Real wind power storage...Spain's Iberdrola Planning for 2012 Launch of Large Pumped-Storage Plant

I'm not sure what happened to all of the vehicle to grid lithium ion battery plug in hybrids.

Pumped storage is great when the geography is cooperative.

A fleet of 200 million EVs equipped with v2g will be even better.

And there will be more upgrades and new pumed hydro storage before a 200 million fleet does exists.

Yes there will be more pumped hydro, and more vandium redox batteries, and more basements filled with 80% capacity NiMH bateries; and we'll evensee some CAES natural gas come online. All good and great. It would make a dent in our storage needs, however.

And they are going to be niche markets that disappears when the battery packs reach a mature development. In ten years, the new batteries will be technology we've all been waiting for. What we have now is "good enough" but what is coming is fantastic.a

there aren't any vandium redox batteries being used to store and stabilize wind energy. They don't exist, and no one is building a 200 million V2G car fleet.

There is a market for used NiMH that are unfit for original device application because they only charge to 80% or less. They bank them and use them for load leveling.

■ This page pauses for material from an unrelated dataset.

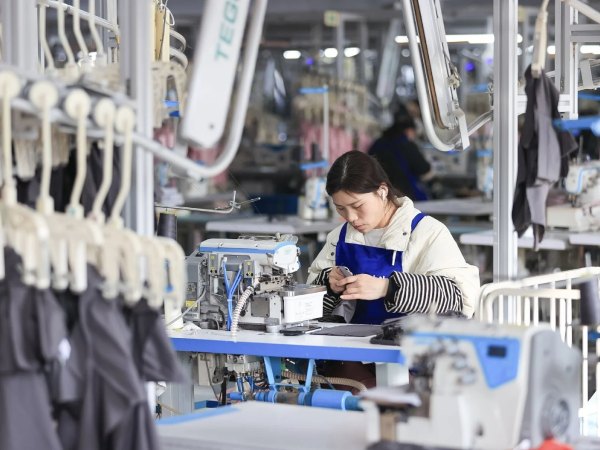Mỹ - Trung giảm sâu thuế quan, doanh nghiệp Trung Quốc vẫn không dám 'đặt cược'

Trends and status of battery energy storage for utility applications
Akhil, A.
Battery Conference on Applications and Advances, 1995., Proceedings of the Tenth Annual
Volume , Issue , 10-13 Jan 1995 Page(s):273 - 277
Digital Object Identifier 10.1109/BCAA.1995.398527
Summary:Since the early 1970s, there has been a steady effort to introduce batteries to the electric utility industry for large scale energy storage in a load leveling mode. Utilities, on the other hand, have been relatively indifferent to this technology for a number of technical and institutional reasons that primarily involve the economic viability of this technology in the load leveling mode. However, from the late 1980s and early 1990, the concept of using batteries primarily for load leveling has undergone a radical change as a result of analytical studies as well as changes in hardware design practice. Now, batteries are being promoted for a wider range of high value applications that go beyond load leveling, and potentially affect the transmission and distribution as well as customer-side operations of the electric utility. As a result, utilities are showing a renewed interest in battery energy storage and several utilities are evaluating battery energy storage projects. This paper discusses the significant trends that are driving the renewed utility interest in this technology and reviews the status of ongoing utility projects

As to your amanojaku comments on the 200 million v2g, I suppose that would depend on how you define "is". Judging by your posts, you're not the best at making sense of complexity so I can see how my view might elude you.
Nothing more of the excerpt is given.